Ableton Live offers some unique tools in audio post for video

Tip 9) Become more familiar with EQ and mixing concepts

Effectively mixing several audio tracks is a little more complex than merely adjusting volume levels and transitions between them. Each element in your project will sit in a different frequency range and should be equalized accordingly to preserve its own sonic space when combined with other elements. Dialogue, for example, carries little low frequency content and can therefore be "rolled-off" to prevent low frequency buildup against other tracks. This prevents unfavorable interaction with other low frequency content such as your musical elements. Proper EQ can make voices stand out, minimize extraneous rumblings, and tame an overly bright sounding segment, amongst other things. If you're in this for the long-run, spend a little time researching and becoming more familiar with the concepts of the audio frequency spectrum and equalization.

Tip 10) Consider employing some secret weapons!

Some equipment just defies conventional description. There are certain tools that just make your audio sound better, even if you're not really sure what they're doing. Consider this category the "push-this-button-to-make-it-sound-good" tools. Two such products are the BBE Sonic Maximizer and the Aphex Aural Exciter. They do their thing with surprisingly few controls, so they're easy to get a handle on. By compensating for phase and amplitude distortions before your signal arrives at the speaker, the Sonic Maximizer delivers added definition and a natural clarity to your overall mix or to individual tracks. It is surprisingly effective and is available as both hardware and software.

In conclusion

For those just beginning to focus on better audio in their video work, we hope that these ten tips introduce you to some new concepts that you may not have come across on your own. If you are a seasoned veteran, perhaps some of these points will act as a reminder of concepts you may have overlooked, and may be worth revisiting. If you have any more questions about improving your audio in your video productions, please tell us!

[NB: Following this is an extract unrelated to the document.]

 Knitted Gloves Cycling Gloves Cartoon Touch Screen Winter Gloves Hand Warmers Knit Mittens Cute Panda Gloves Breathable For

Thank you for your post and your time. I'm new to this whole videography/ cinematographer. My only experience is from using old camcorders from the 80's and early 90's. I'm still trying togather as much information before i start buying equipment.  So from my research I'm going to start out with purchasing sound equipment and getting myself familiar with this part first since sound is slightly more important than the video. What books or other web sites would you recommend beginners like me to read and study?

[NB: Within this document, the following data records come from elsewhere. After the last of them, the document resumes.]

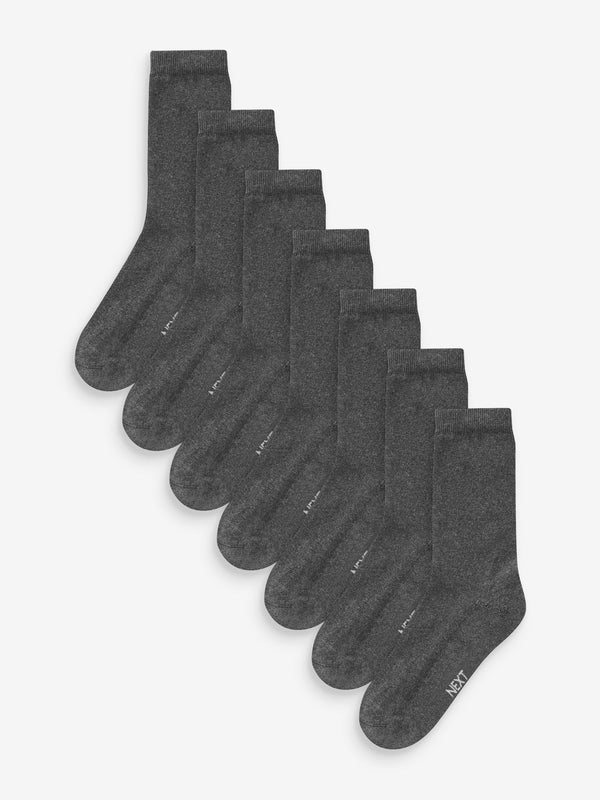 Grey 7 pack cushioned footbed socks
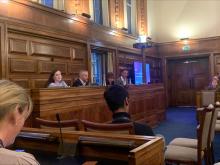 View of panel event from audience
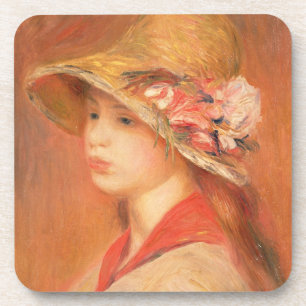 Pierre A Renoir   Young Woman in a Hat Coaster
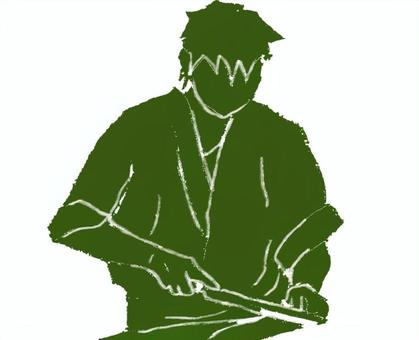 和食の職人シルエット 和食の職人シルエット 調理師,料理人,コックさん,コック服,調理,料理,シェフ,飲食店,レストラン,専門学生のイラスト素材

There are 2 parts of a video that you can control.

The start and the end.

If you have a beautiful sunrise or sunset make sure to end your video clip with a short segment.

My app can automatically play the beginning and end in slow motion.


at golf tournaments I shut the recording off after the swing.

This short clip is played in full and then the last 3 seconds (the swiing) is played back in slow motion.

If you shoot many clips in a day and you capture something incredible... Shoot a very very short clip. This will enable you to quickly find it.


Great article! The aspects covered in here a very accurate. Anyone making videos needs to understand these things. May it be an individual or a company. That is why toolbox-studios.com are doing so well in this field, because they know what they are doing! 

Thanks for all the helpful tips! This will really help me become a better cinematographer. 

PS: South Korean Spiderman


Great article.  I was hoping to get a little insight into making videos with better audio quality.  Based on what you've stated in the article here, If I'm going to do an interview portion of a production, a shotgun mic is the ticket, and as stated in another of your articles, a field recorder is the ticket for use as an ambient sound recorder.